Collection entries
== Segment start ==

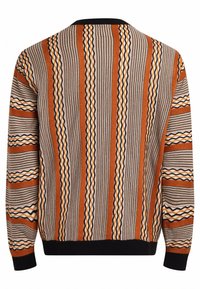 Knitted sweater featuring vertical stripes in orange, gray, and white. Textured fabric with a black ribbed collar and cuffs.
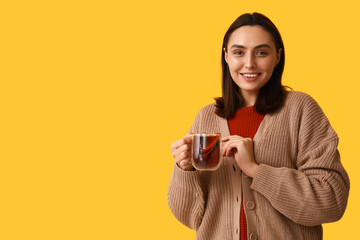 Happy young woman with glass cup of hot mulled wine on yellow background
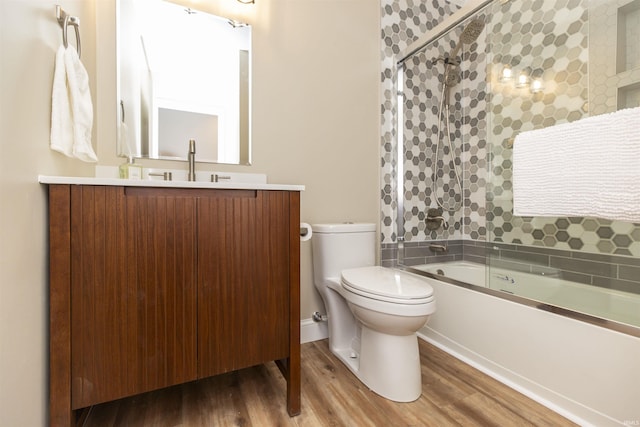 full bathroom with vanity, toilet, combined bath / shower with glass door, and wood-type flooring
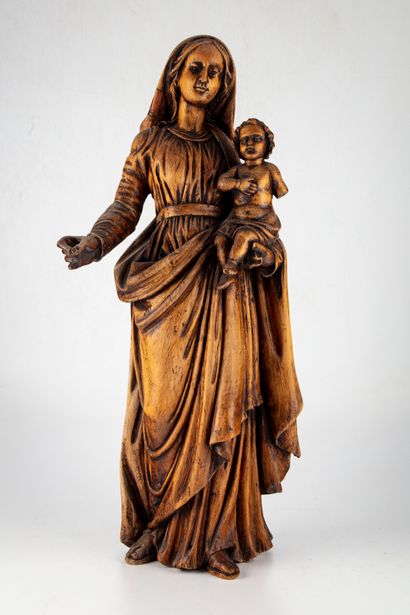 null Important statuette of the Virgin and Child in carved wood. 

H. 58 cm 

Mi...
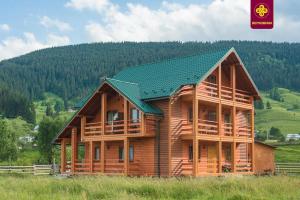 a large wooden house with a green roof at Плай in Verkhovyna +45 photos
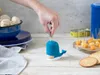 A hand is shown inserting a toothpick into a blue whale-shaped toothpick dispenser, surrounded by food items like cheese cubes, crackers, and mushrooms. Náhled obrázku produktu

== Segment end ==

## Exercise description
What is needed is an exact repetition of every entry, without the pictures.

## Exercise result
 Knitted sweater featuring vertical stripes in orange, gray, and white. Textured fabric with a black ribbed collar and cuffs.
 Happy young woman with glass cup of hot mulled wine on yellow background
 full bathroom with vanity, toilet, combined bath / shower with glass door, and wood-type flooring
 null Important statuette of the Virgin and Child in carved wood. 

H. 58 cm 

Mi...
 a large wooden house with a green roof at Плай in Verkhovyna +45 photos
 A hand is shown inserting a toothpick into a blue whale-shaped toothpick dispenser, surrounded by food items like cheese cubes, crackers, and mushrooms. Náhled obrázku produktu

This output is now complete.